La leader di FdI, infatti, si ritrova a fare i conti con una realtà decisamente più dura e meno rosea di quella prospettata ai suoi elettori in campagna elettorale.
Dopo la luna di miele, infatti, la leader di FdI perde terreno in termini di gradimento da parte degli italiani, che non sembrano particolarmente apprezzare il suo operato in materia del caro benzina.
Le accise costano care a Giorgia Meloni: gli italiani iniziano a perdere fiducia (e la pazienza) e i dati lo dimostrano
Nonostante gli apprezzamenti positivi continuino a prevalere, come evidenziato dal Corriere della Sera, la Meloni inizia a perdere terreno (di tre punti percentuali, per la precisione) a vantaggio degli alleati Salvini e Berlusconi.
Come evidenziato dalla testata, l’indice di gradimento si calcola mettendo in rapporti i voti positivi con quelli negativi.
Questi ultimi, rispetto al mese di dicembre, sono saliti, facendo perdere alla Meloni un – 5.
Fine della luna di miele o battuta d’arresto fisiologica, come è stata definita dal Corriere?
Quel che è certo è che a gravare fortemente sull’indice di gradimento è la questione legata all’aumento delle accise e di conseguenza dei prezzi del carburante.
Proprio questo tema, infatti, era stato oggetto di forte contestazione da parte della premier durante la campagna elettorale, disattendendo così le alte aspettative degli elettori.
E i dati, in tal senso, parlano chiaro: il 67% degli italiani si è detto insoddisfatto su come il governo sta gestendo questa emergenza.
Ma quello del caro carburante non sembra essere l’unica nota dolente del governo Meloni.
I temi in agenda che suscitano perplessità sia in seno alla maggioranza che da parte degli italiani sono tanti, fra i quali la possibile riforma costituzionale in senso presidenziale, la questione legata alle intercettazioni telefoniche e la tanto invisa autonomia differenziata.
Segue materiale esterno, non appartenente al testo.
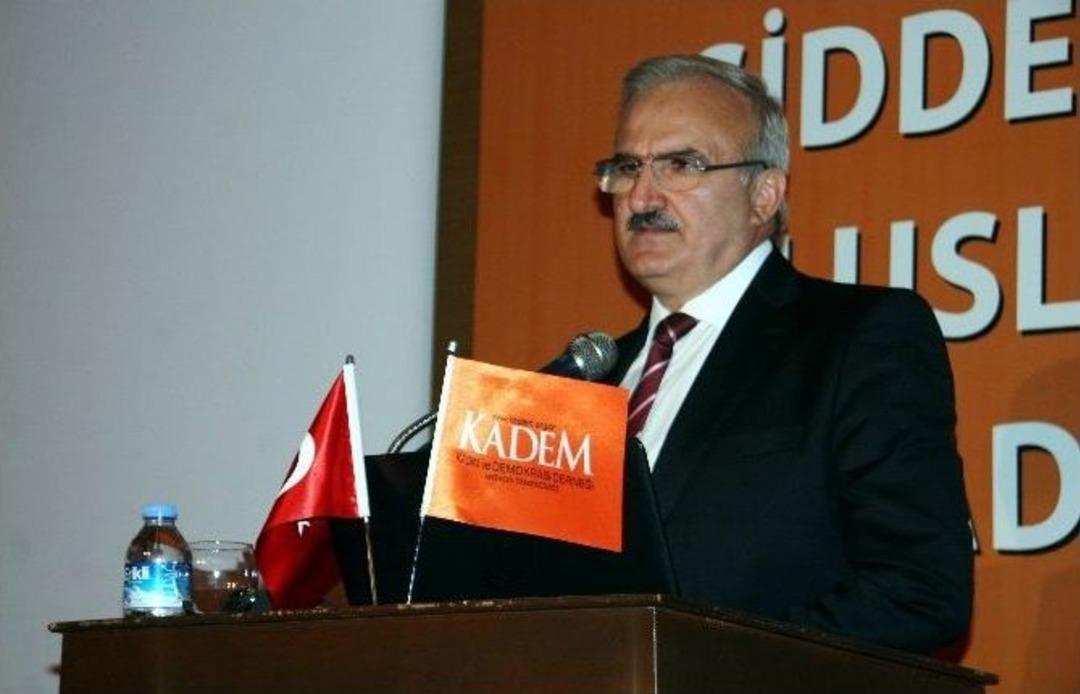 Antalya Valisi M&uuml;nir Karaloğlu: "kadına Şiddeti &Ouml;nlemede &Ccedil;areyi Londra&rsquo;da Paris&rsquo;te Ararsak Sonu&ccedil; Alamayız"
Temi, questi, tutti fortemente divisivi e che rischiano dunque di generare troppe tensioni in maggioranza e far crollare la fiducia degli italiani.
Come sono cambiati gli orientamenti di voto?
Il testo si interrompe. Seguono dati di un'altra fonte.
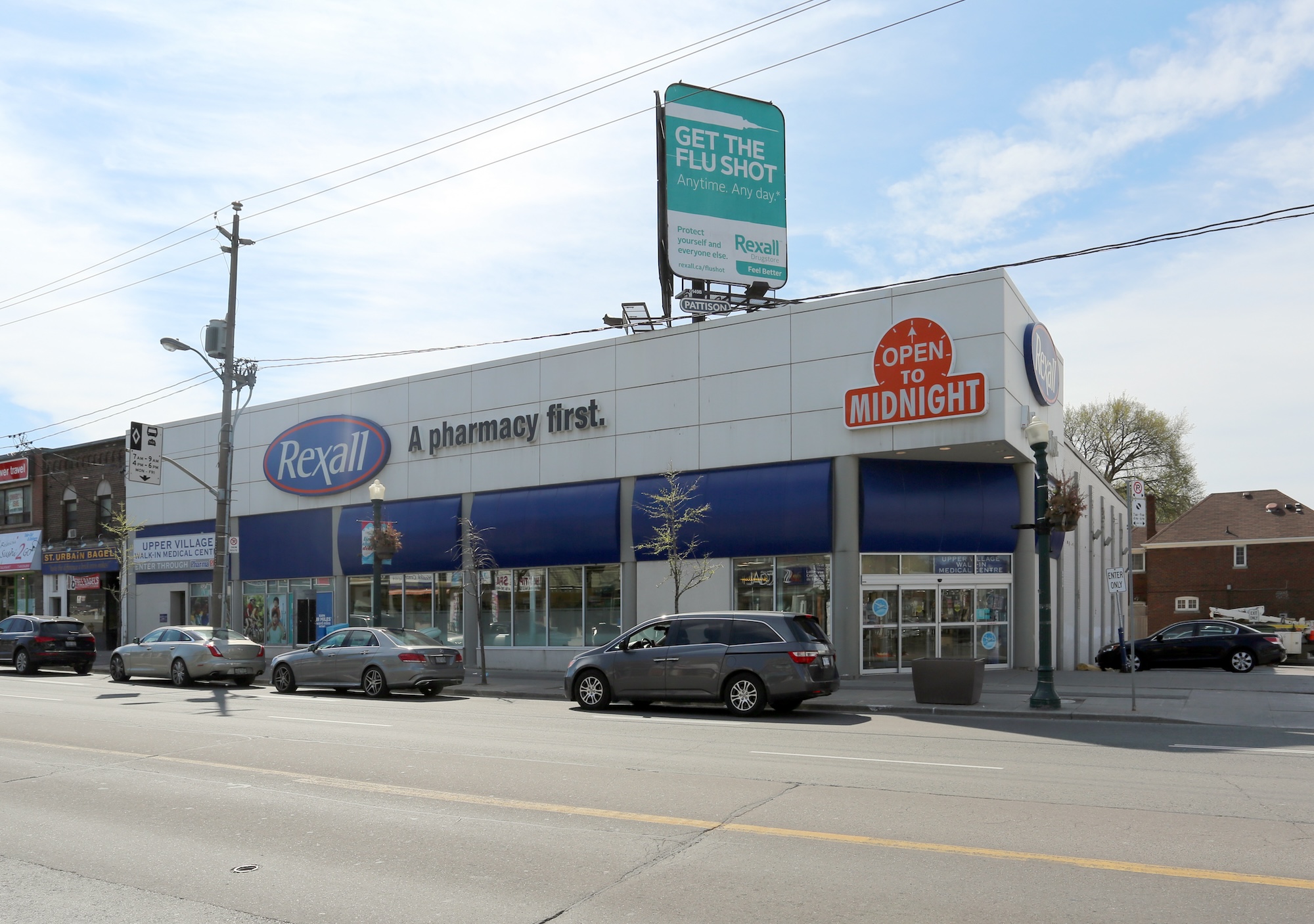 Rexall operates this outlet on Eglinton Avenue in Toronto. (CoStar)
A risentire sono stati anche gli orientamenti di voto che, pur mantenendo un trend positivo per FdI che continua ad attestarsi come primo partito (30,5%) registra un calo del -1,2 a favore di una Lega che sembra conquistare un timido miglioramento, raggiungendo l’8,3% (+ 0,5%) e di Forza Italia che sale, invece, al 6,8% conquistano un +0,6%.
Per quanto riguarda l’opposizione, è il Movimento Cinque Stelle a registrare i risultati migliori, posizionandosi in Italia come secondo partito con il 18,2%, salendo del + 0,6%.
Un risultato decisamente notevole e che non si registrava dalla stagione autunnale del 2020.
Rimane in uno stato di oblio invece il PD, che bloccato nel pantano delle querelle congressuale, si attesta al solito 16,4%.
Segue poi il Terzo Polo con 7,1% e l’alleanza Sinistra Italiana, Verdi e Reti Civiche con il 4,1%.
Un altro dato decisamente più preoccupante è quello dell’astensionismo.
Quest’area sale infatti di ben due punti percentuali, con due italiani su cinque che non si riconoscono in alcun raggruppamento politico e raggiungo ben il 41,2%.